The process we just described is an analog process. The robot's position in the air does not have discrete positions. It can move in a smooth trajectory through space.
Digital Signals - Replace the Trampoline with a Ladder
Digital processes are not "smooth". Digital processes are made up of little discrete steps. This is because the traditional computers we all use (based on Alan Touring's ideas) operate on the principle of digital bits. A bit is a little switch that can be either on or off (1 or 0).
What does this mean for our robot? Well instead of moving smoothly through space as it jumps on the trampoline, we can think of the robot as using a ladder to move up and down. The ladder is different because it has discrete steps. The robot can occupy each step but cannot really "occupy" the space between steps.

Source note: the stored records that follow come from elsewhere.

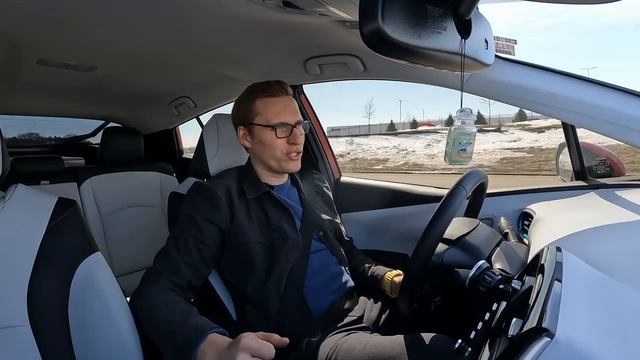 Toyota Prius 2022 - Стоит ли покупать гибрид? смотреть онлайн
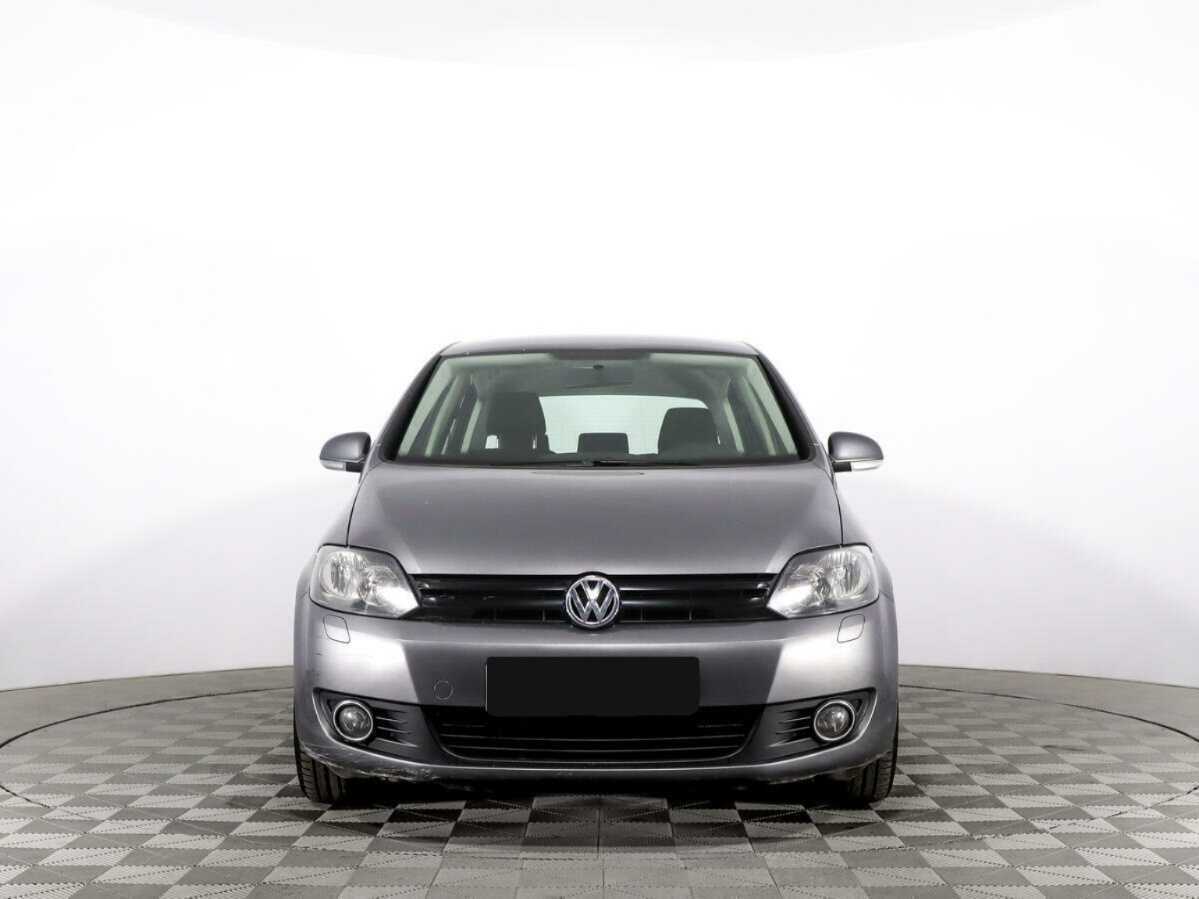 Volkswagen Golf Plus, 2013 - фото №2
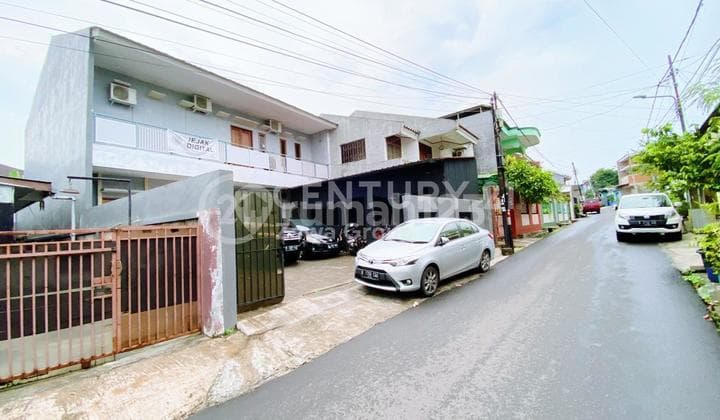 Rumah Dijadikan Usaha Kantor Bonus Cafe Di Petukangan Utara Jakarta Selatan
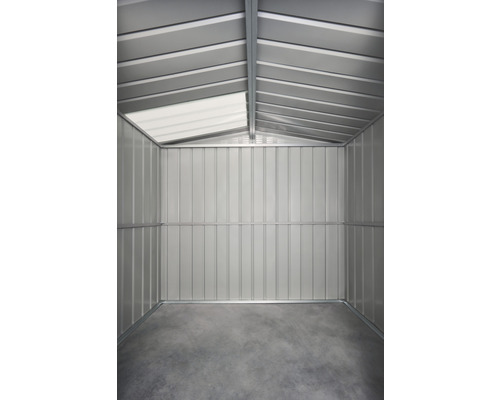 Vue intérieure d''un abri de jardin avec sol et toit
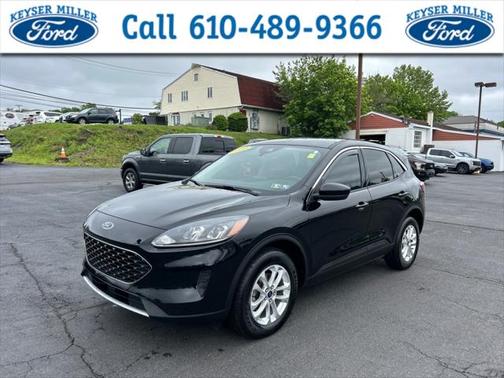 2020 Ford Escape SE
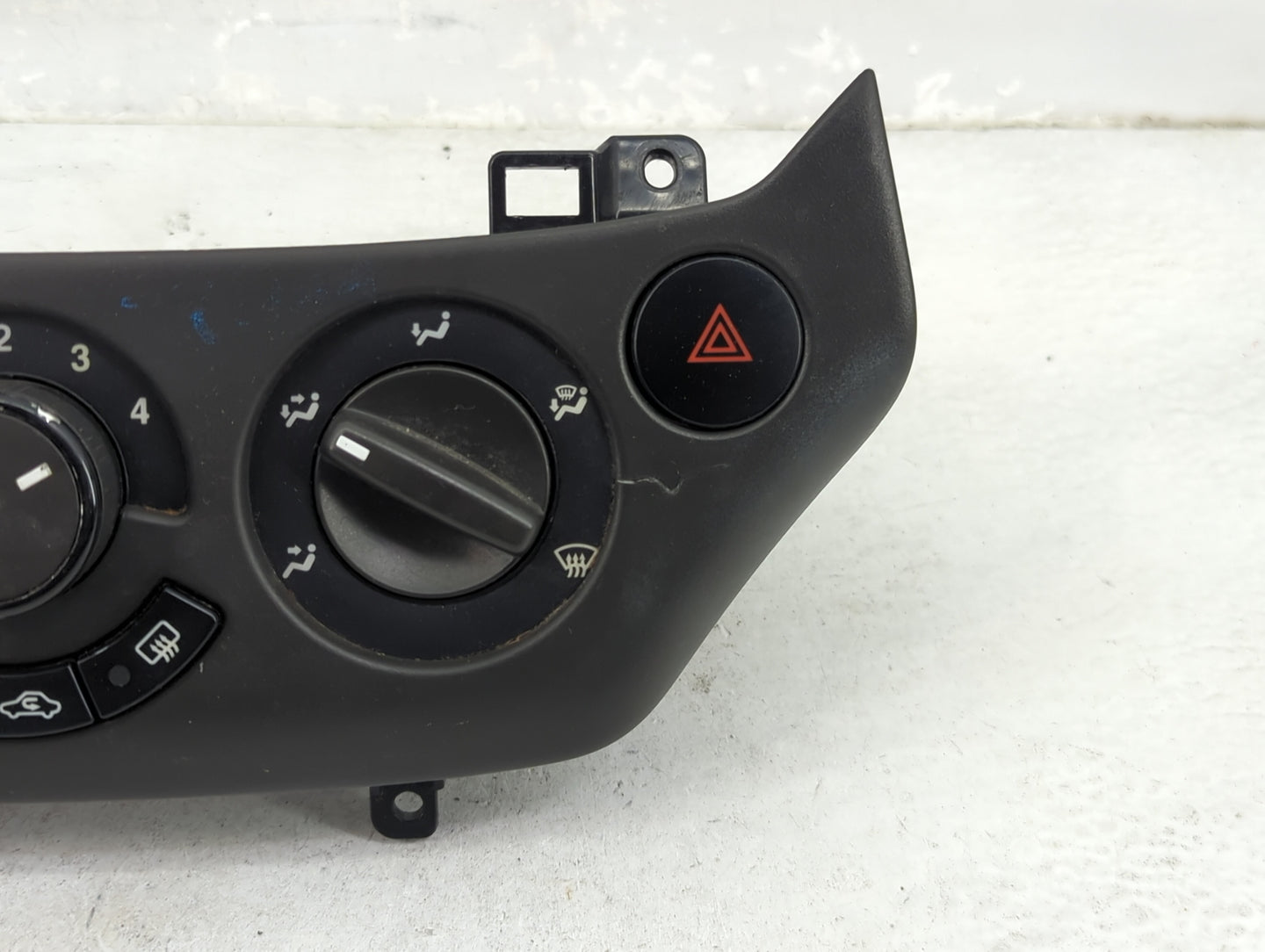2007-2011 Chevrolet Aveo Climate Control Module Temperature AC/Heater Replacement Fits Fits 2007 2008 2009 2010 2011 OEM Use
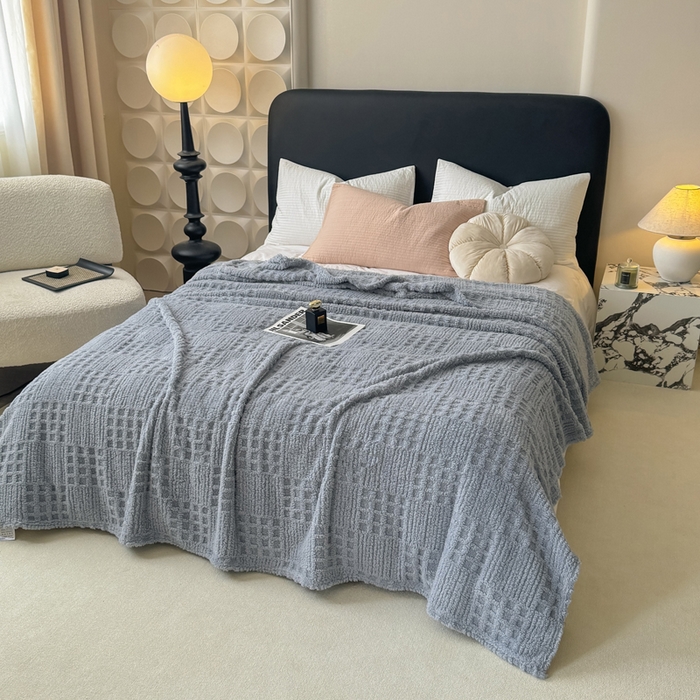 91家纺网 家纺一手货源 找家纺 穆琪2025新款高克重华夫格舒棉绒办公家用多功能毯子几何方块塔芙绒毛毯 山水蓝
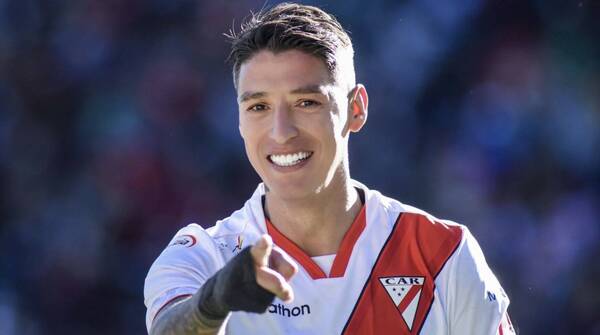 Crónica / Cabrera y Cristaldo, le ganaron el dueño a Quiñónez en el fútbol bolí
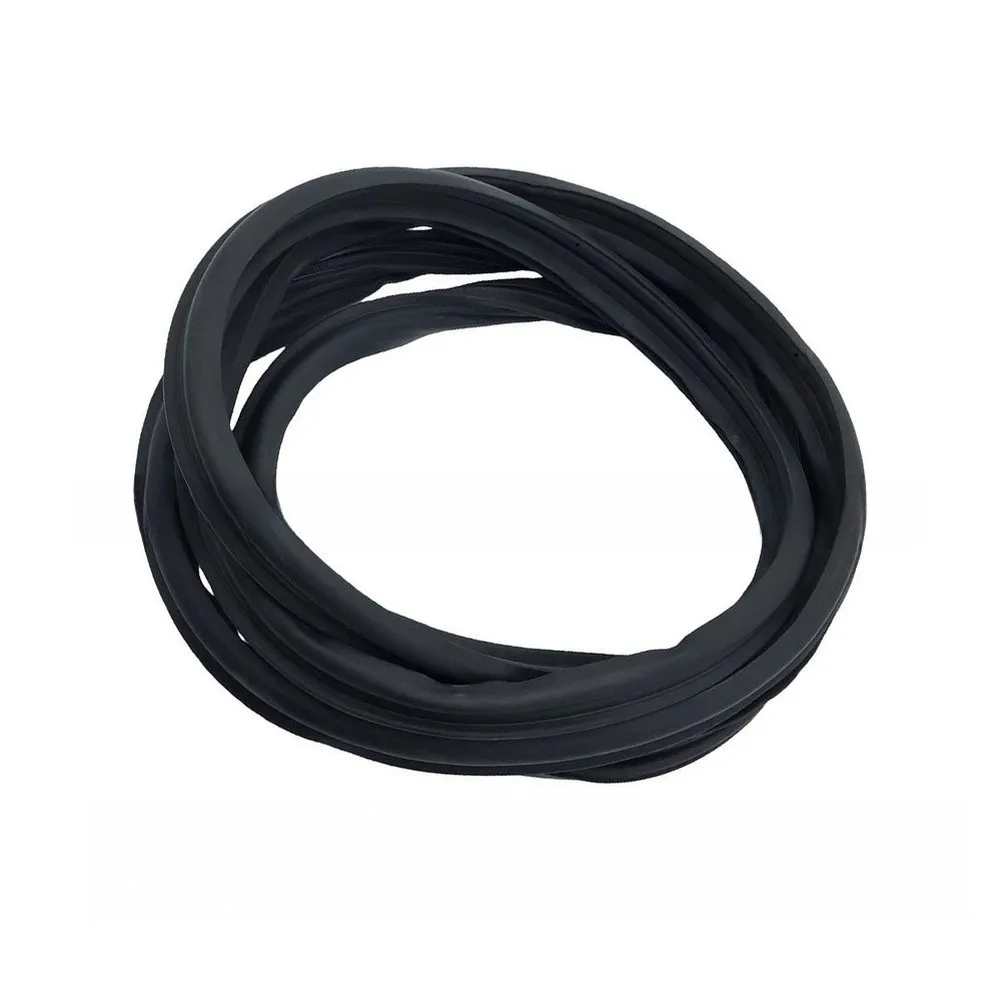 Weatherstrip Replacement Part Number 67881 60111 for Back Door on For Toyota Land For Cruiser Models from 1998 to 2007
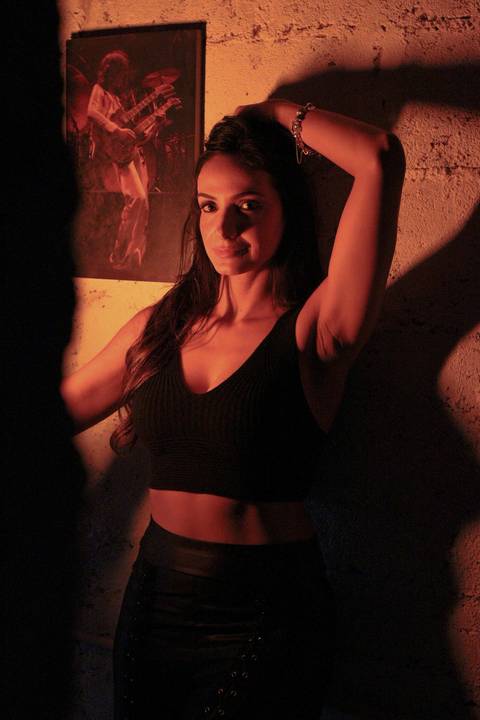 Ensaio Feminino. Porão Studio.'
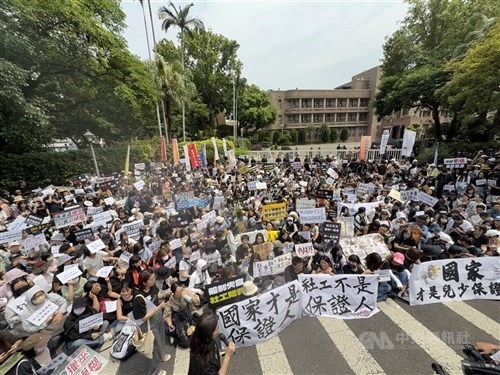 Kelompok pekerja sosial unjuk rasa Kabinet pasca vonis penjara dalam kasus kematian bayi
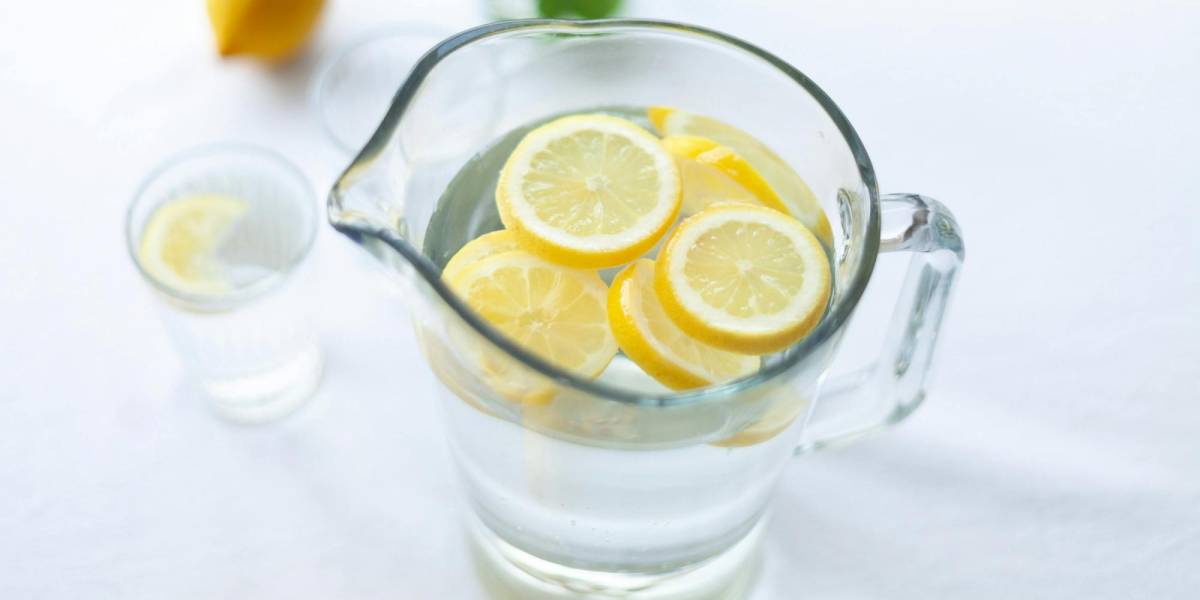 Estos son los cinco beneficios de tomar agua con limón en ayunas, según una nutricionista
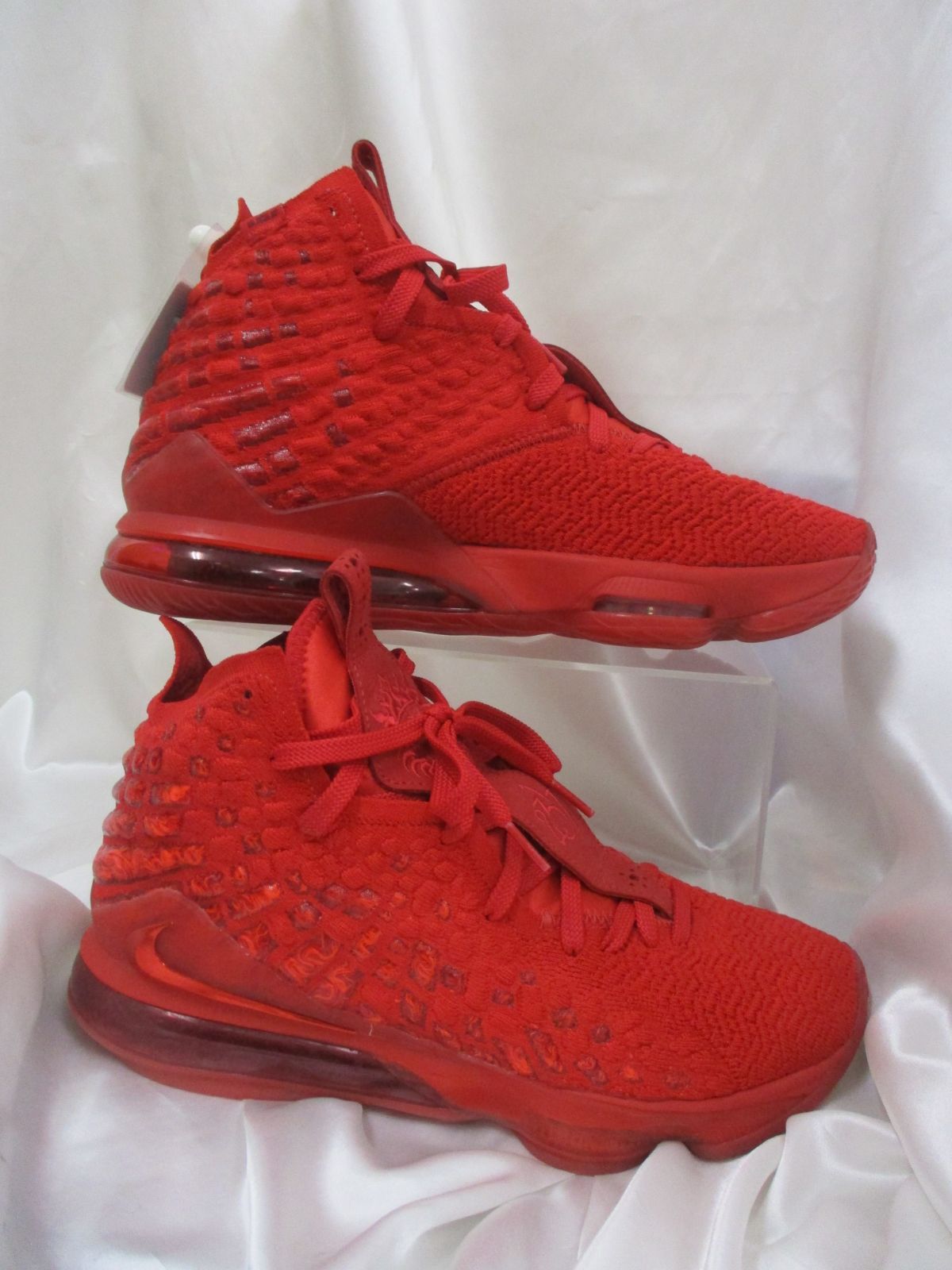 三沢併売】NIKE BQ3177-600 NIKE LEBRON XVII 17 バッシュ スポーツ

Now, the more steps the ladder has, the smoother the robot's path up and down will look. If there are only 5 rungs, the robot will be taking big, noticeable steps (like in the annoying animation above).
Side note: I hate when websites have unstoppable GIFs because I have cat-like ADD and get easily distracted. Sorry friends).
If there are 400 rungs, the robot will take tiny little steps and, because he's an excellent climber, his trajectory will start to resemble what it was on the trampoline. If there are 40,000 little ladder rungs, we may not even be able to tell the difference between the ladder process and the trampoline process.
So, what is bit depth in digital audio? Bit depth is the number of rungs on the ladder.
At 16 bits (the standard for CDs - remember CDs?) the ladder has 2^16 = 65,536 rungs.
At 24 bits (what you should be recording at), the ladder has 16,777,216 rungs. A big difference, right?
More than 24 is not necessary, but less is not recommended - for reasons which I'll get into in some future post.